** WHAT IS EXPECTED **
Among the lines below, the one containing "pillows for elevating after TKR" opens the range and the one containing "1C3CCCAB6FN693369 Chrysler 200 Limited" closes it. Print that range exactly, without the pictures.

** AVAILABLE DATA **
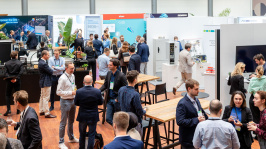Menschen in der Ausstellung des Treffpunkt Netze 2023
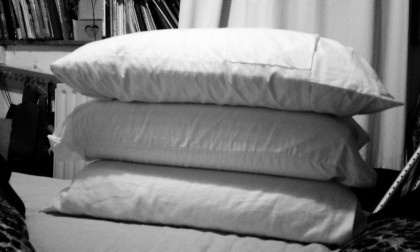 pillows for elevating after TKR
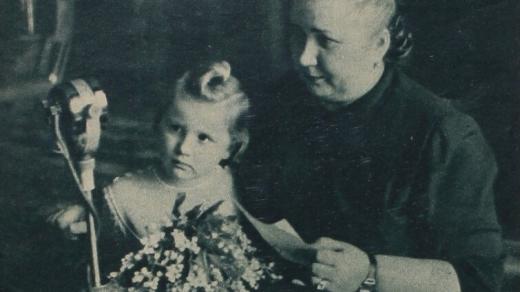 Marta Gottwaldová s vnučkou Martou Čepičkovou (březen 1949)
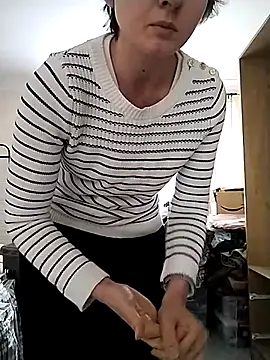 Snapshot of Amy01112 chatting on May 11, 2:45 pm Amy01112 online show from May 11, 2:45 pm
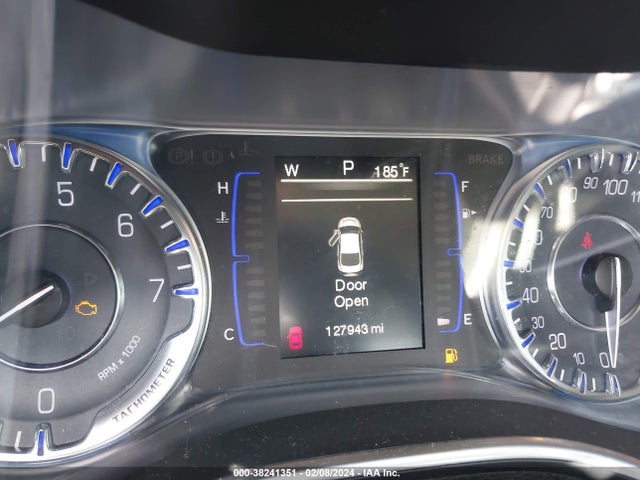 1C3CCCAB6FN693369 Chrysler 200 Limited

--

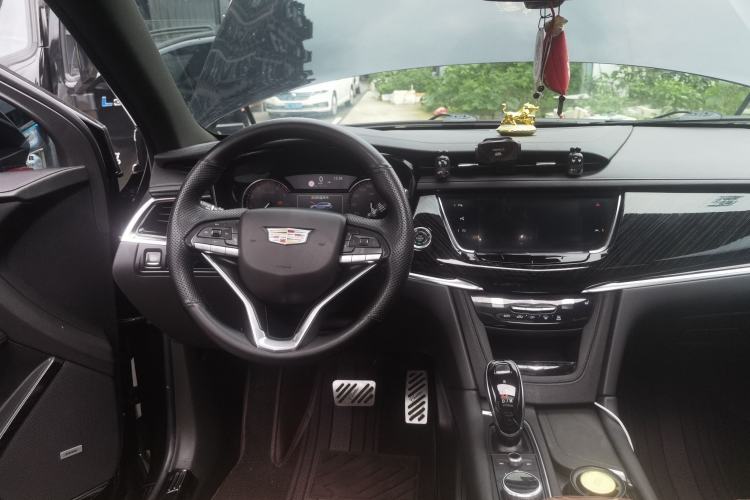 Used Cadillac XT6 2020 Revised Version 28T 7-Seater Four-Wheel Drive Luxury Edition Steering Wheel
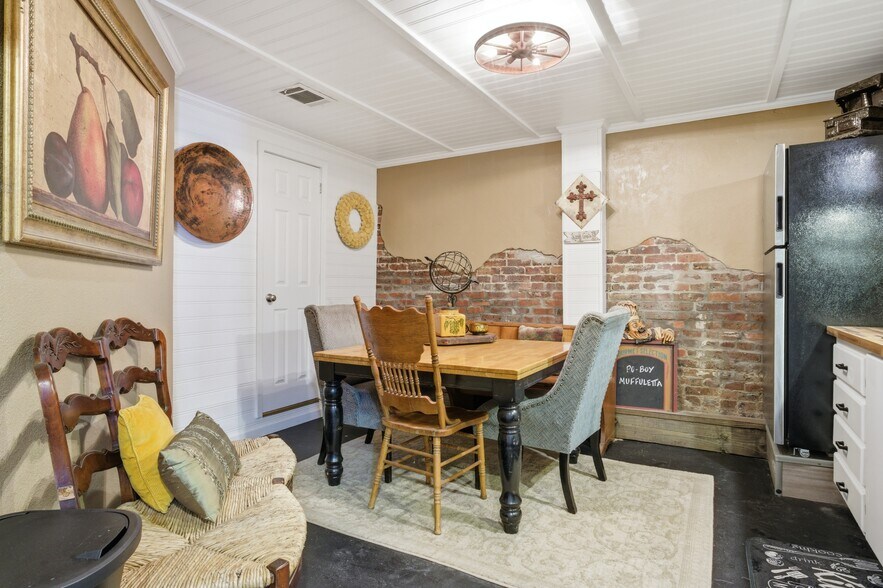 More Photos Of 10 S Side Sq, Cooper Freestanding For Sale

* * *

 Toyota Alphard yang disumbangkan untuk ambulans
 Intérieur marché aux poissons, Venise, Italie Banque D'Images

** EXERCISE RESULT **
 pillows for elevating after TKR
 Marta Gottwaldová s vnučkou Martou Čepičkovou (březen 1949)
 Snapshot of Amy01112 chatting on May 11, 2:45 pm Amy01112 online show from May 11, 2:45 pm
 1C3CCCAB6FN693369 Chrysler 200 Limited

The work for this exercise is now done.